Thicker walls, shorter rear, 160mm rear travel... A pretty cool new addition that fit quite well for many.


----------



## Le Duke (Mar 23, 2009)

Mullet-trash is still trash. 


Sent from my iPhone using Tapatalk


----------



## Jayem (Jul 16, 2005)

Le Duke said:


> Mullet-trash is still trash.
> 
> Sent from my iPhone using Tapatalk


I'd usually agree, but with as bat **** crazy as Pole ST angles are, a mullet version is probably the better bike for most people that also ride some level ground.


----------



## Le Duke (Mar 23, 2009)

Jayem said:


> I'd usually agree, but with as bat **** crazy as Pole ST angles are, a mullet version is probably the better bike for most people that also ride some level ground.


I was just referring to the fact that they seem to explode if you look at them the wrong way.


----------



## Jayem (Jul 16, 2005)

Le Duke said:


> I was just referring to the fact that they seem to explode if you look at them the wrong way.

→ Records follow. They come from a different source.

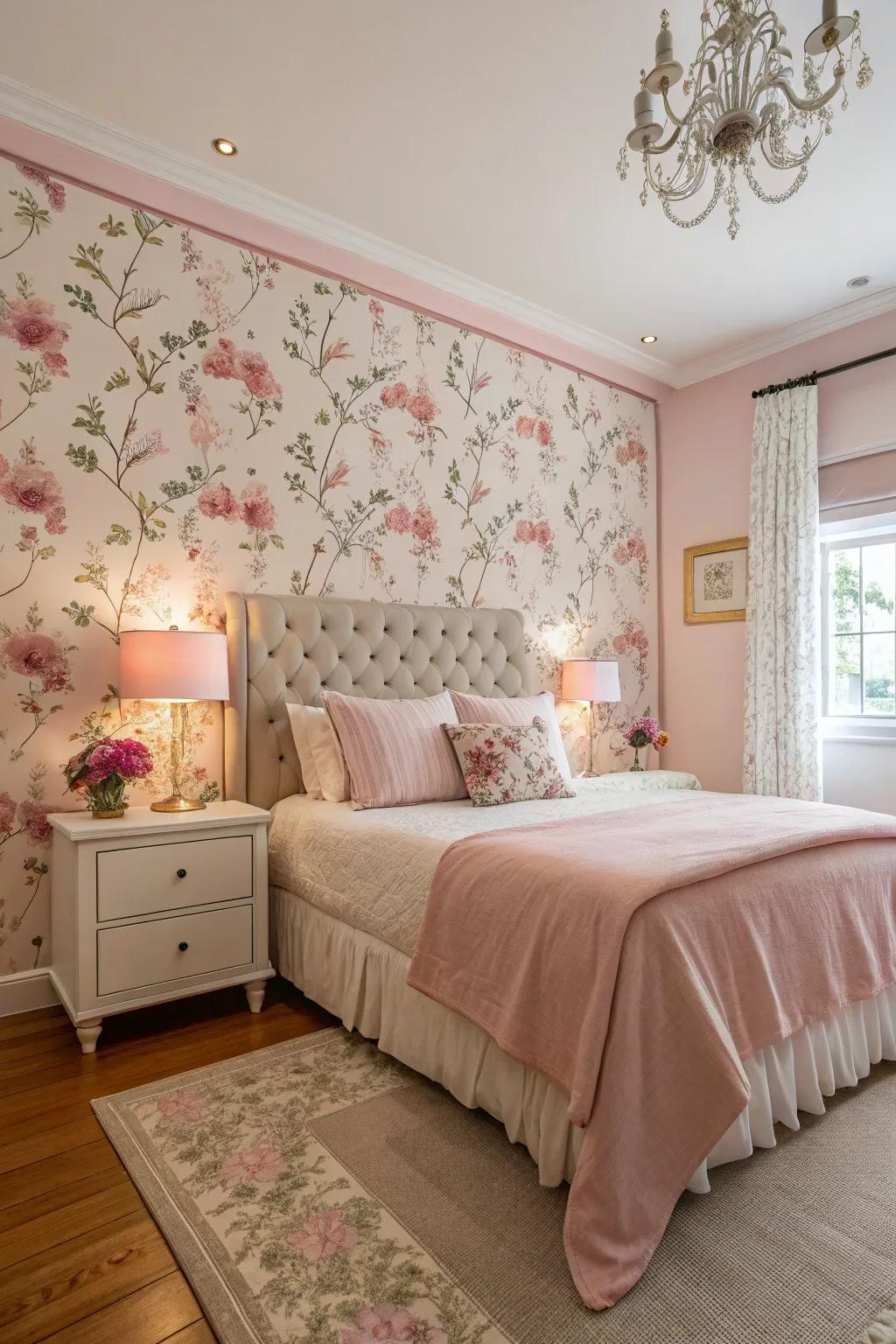 A floral wallpaper accent wall creating a focal point in the bedroom.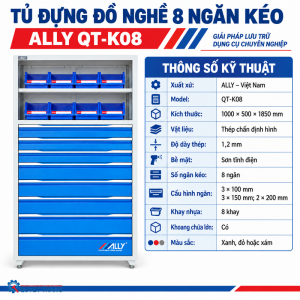 Thông số kỹ thuật Tủ đựng đồ nghề 8 ngăn kéo ALLY QT-K08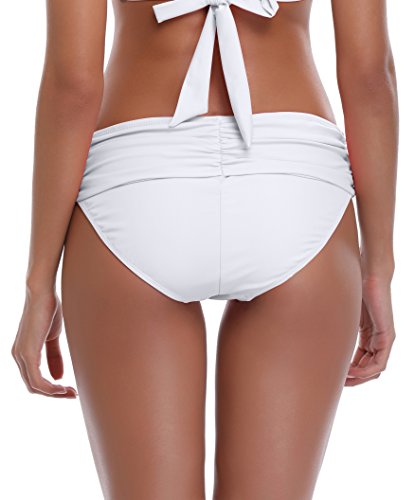 SHEKINI Mujer Braguita de Bkini Pantalón la Parte de Abajo Bikini Interior Braguitas Bañador Traje de Baño Bragas (XX-Large, Blanco)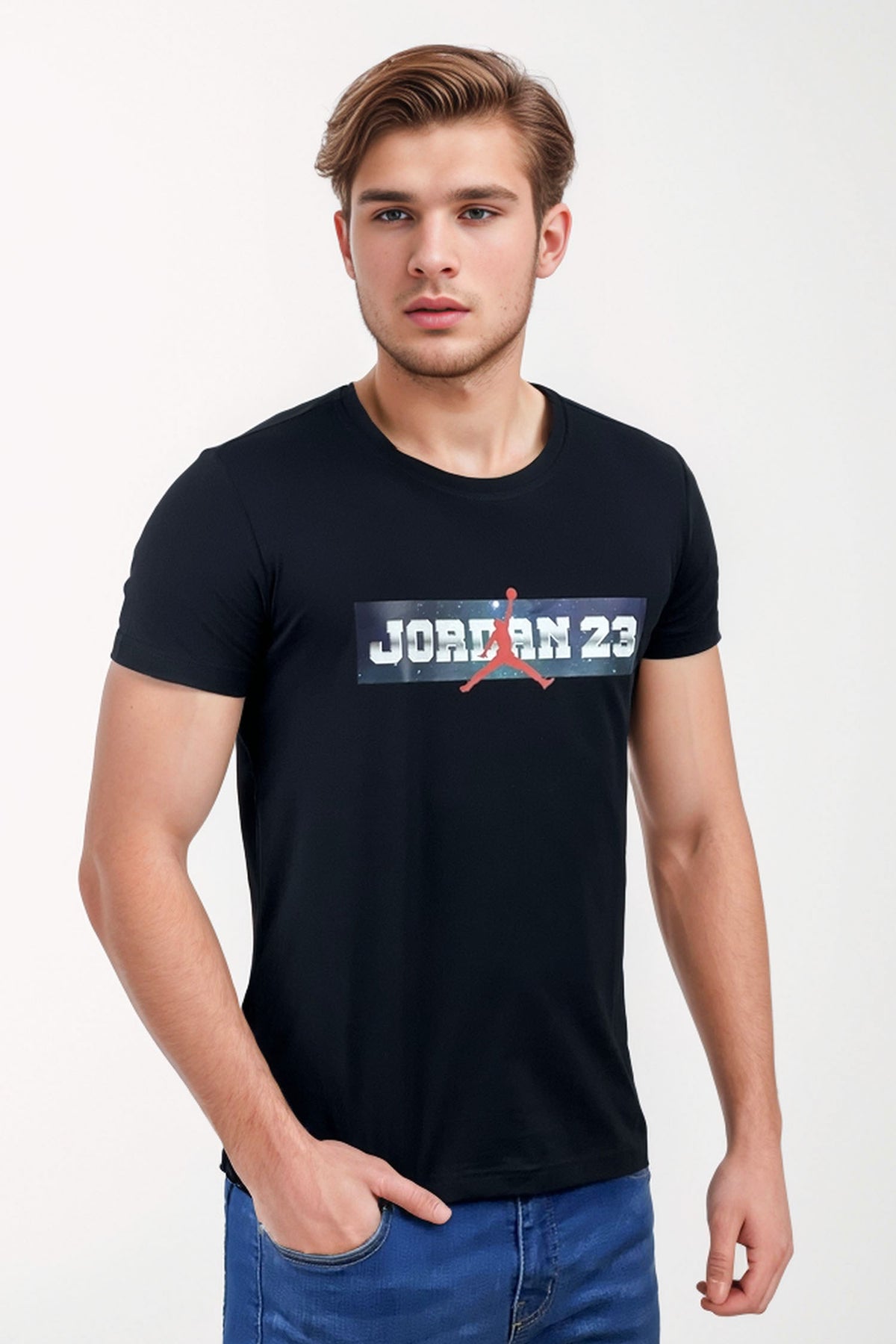 Jrdn Printed Logo Round Neck T-Shirt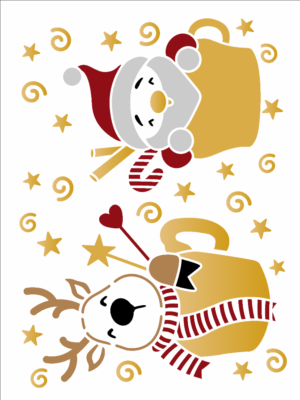 Stencil OPA 3288 - Natal Na Caneca - 15 x 20cm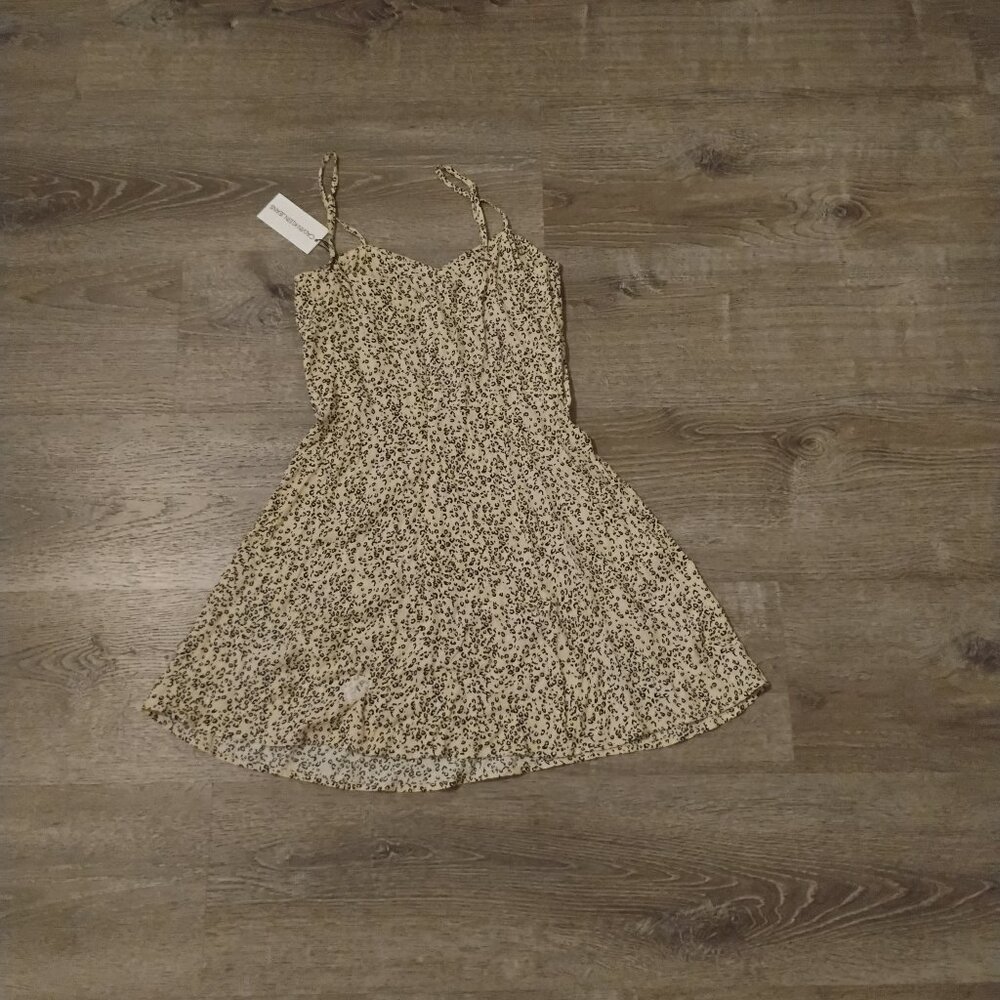 Calvin Klein Jeans Micro Leopard Mini Slip Dress - Yellow Accent - Size Small (S
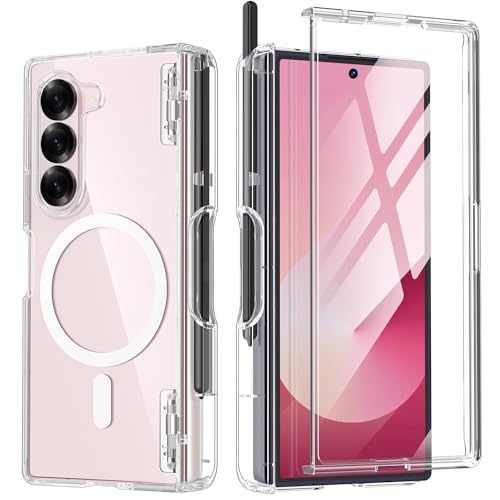 Tongate Magnetic Hülle für Galaxy Z Fold 6 mit Glas Displayschutzfolie, [Kompatibel mit MagSafe] Nicht vergilbendes Slim z6 Handyhülle Integrierte S Pen Halterung & Scharnierabdeckung, Klar von Tongate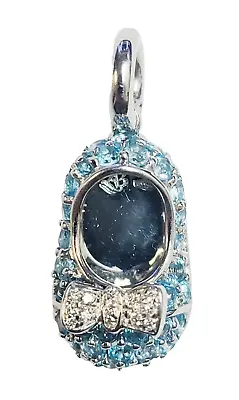 Beautiful 18KW  Aaron Basha  Aquamarine & Diamond Shoe Charm/ Pendant • $1495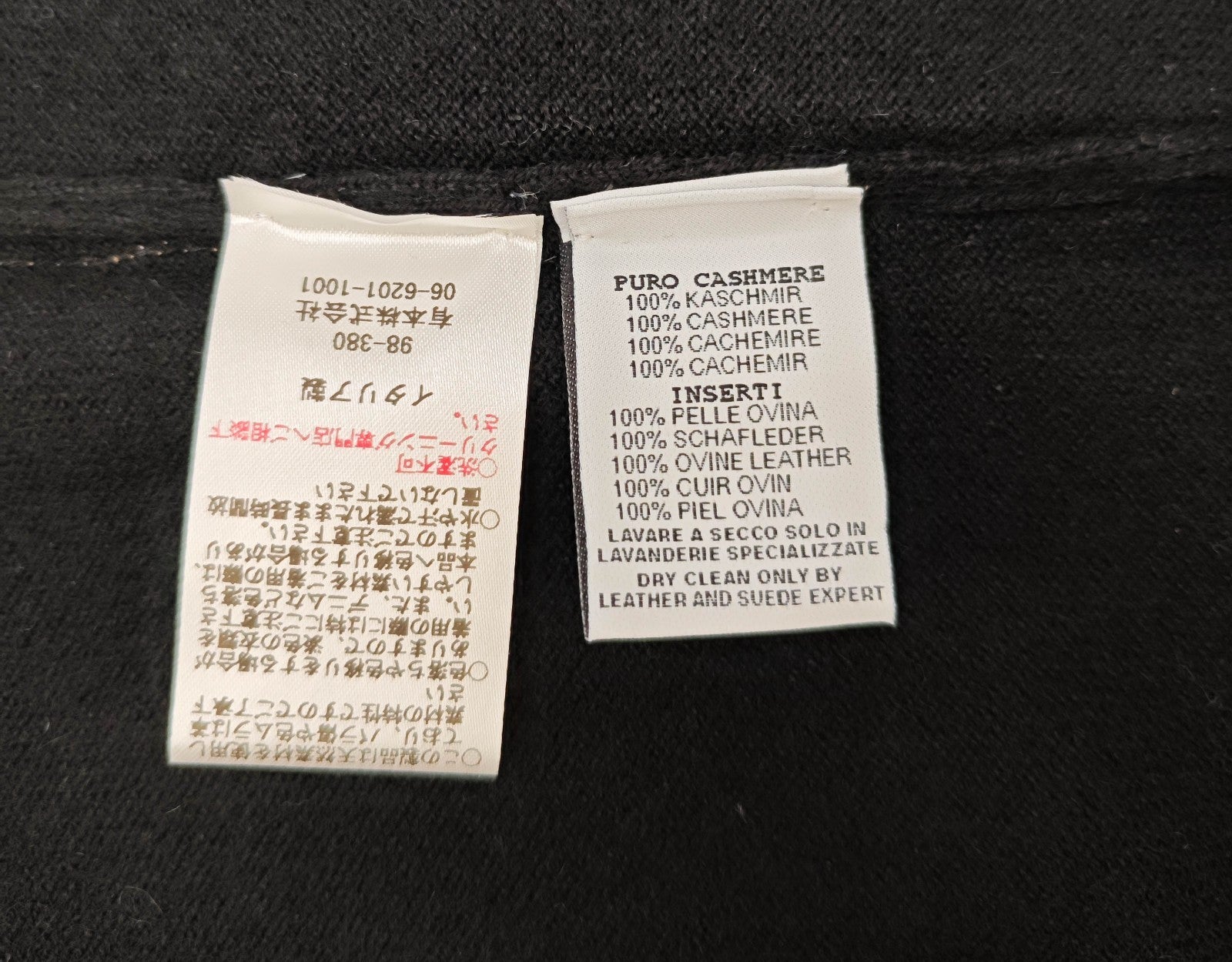 2800$ DELLA CIANA CASHMERE Black Bomber Zip Jacket Suede Leather - Cashmere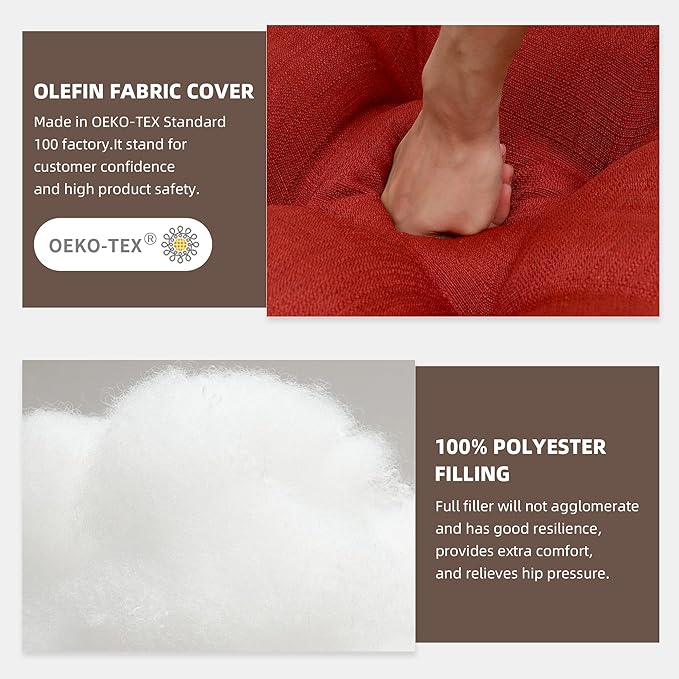 RACE LEAF Patio Chair Cushions 17x17 4 Pack, Thickened Outdoor Seat Cushions Water Resistant Stain Resistant Non-Slip Ties (Red)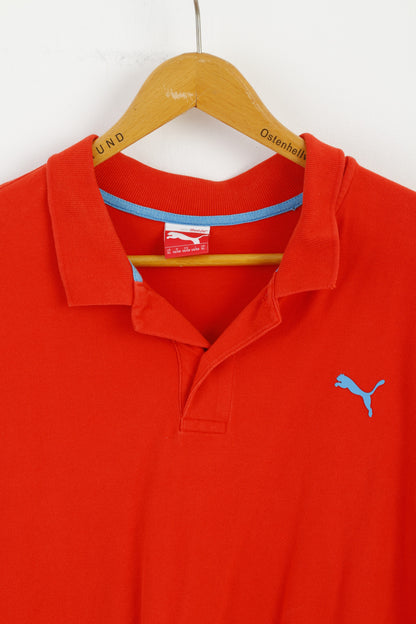 Polo Puma da uomo XL arancione a maniche corte in cotone elasticizzato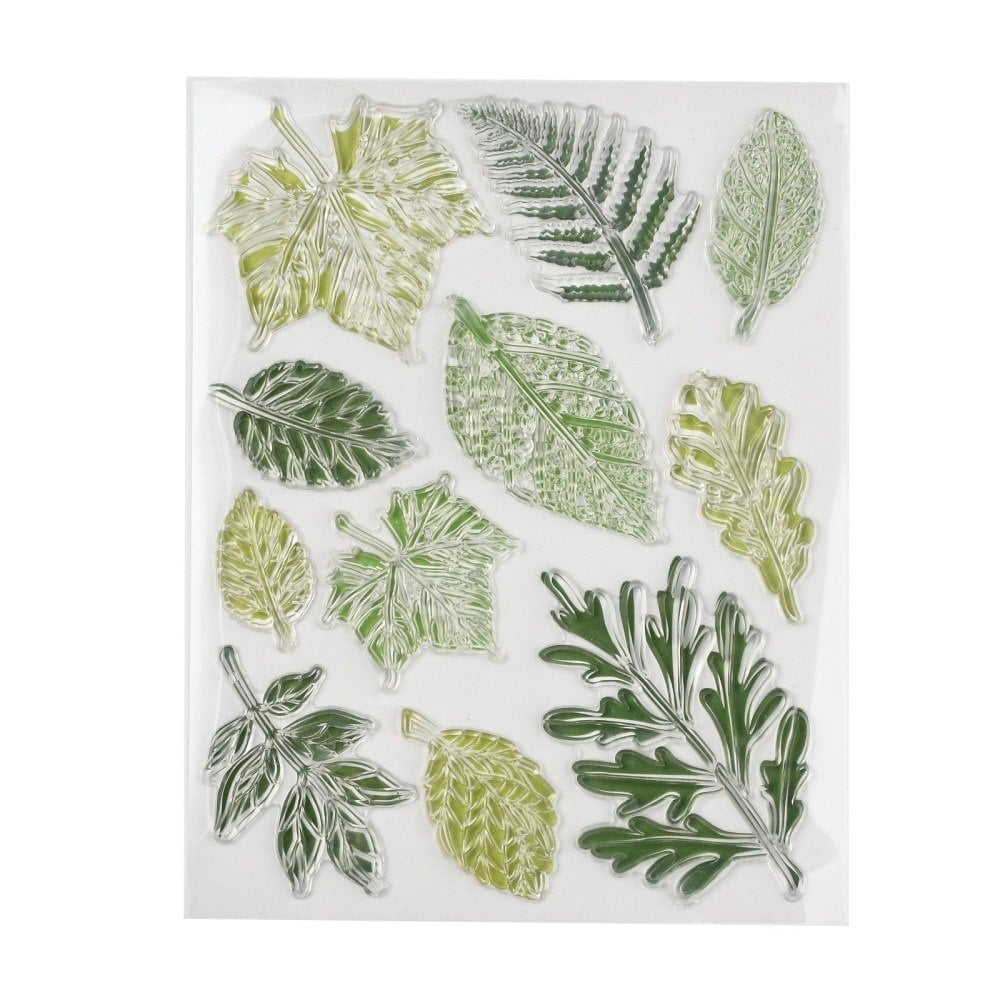 Leaf stamp set, leaf and fern silicone stamps, unmounted silicone stamp set for scrapbooking crafts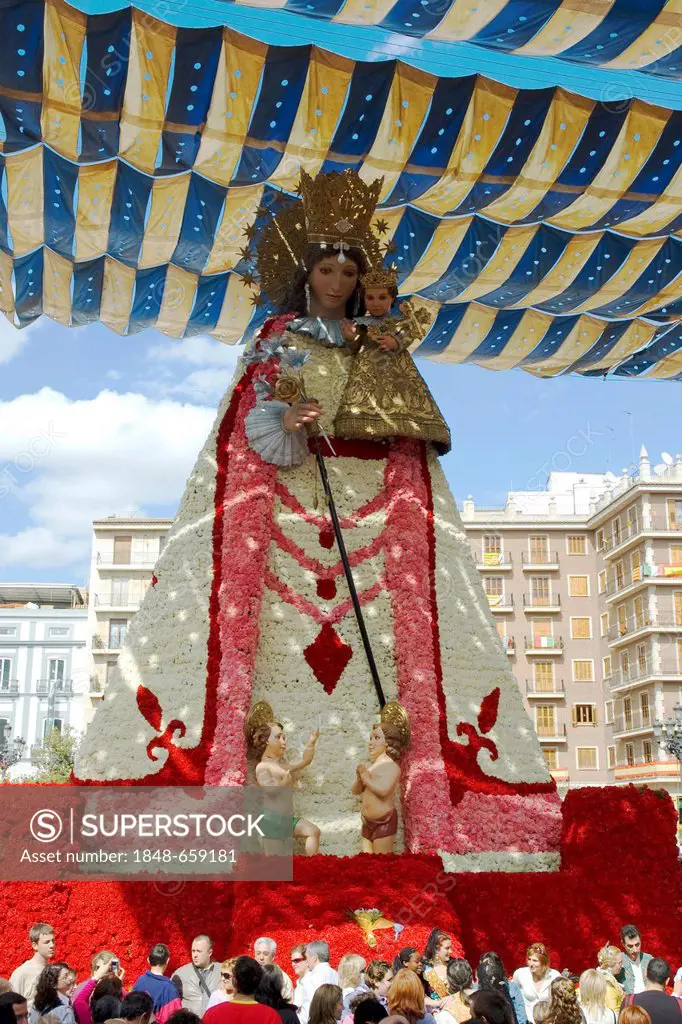 Sculpture made of flowers, Virgen de los Desamparados, virgin of the defenceless, patron saint of Valencia, Fallas festival, Falles festival in Valenc...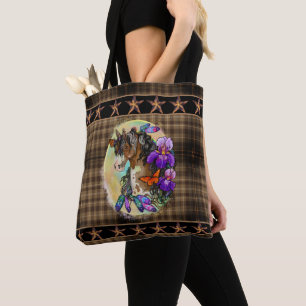 Tote Bag Peindre Cheval Mustang avec Iris et papillons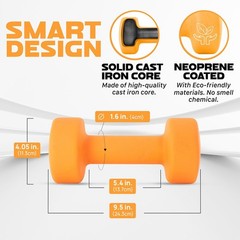 Neoprene Coated Dumbbell Hand Weight Sets of 2 Multiple Weight Options W/ 15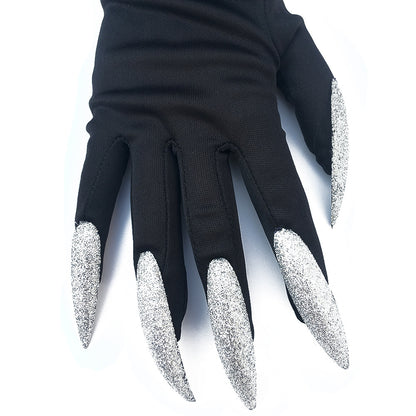 Halloween Long Nail Ghost Gloves – Silver & Black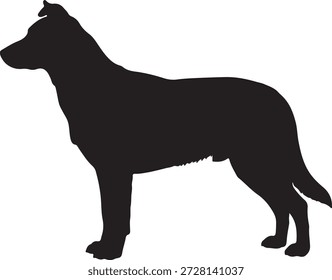 Silueta minimalista del Vector de un perro Grande que se coloca aislado en un fondo blanco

If it's the glued-together model, I'd just wrap it with gorilla tape. For sure that would hold it together.


----------



## Curveball (Aug 10, 2015)

Jayem said:


> If it's the glued-together model, I'd just wrap it with gorilla tape. For sure that would hold it together.


That's some sage wisdom.


----------



## prj71 (Dec 29, 2014)

Pole tried to reinvent the wheel and failed miserably.


----------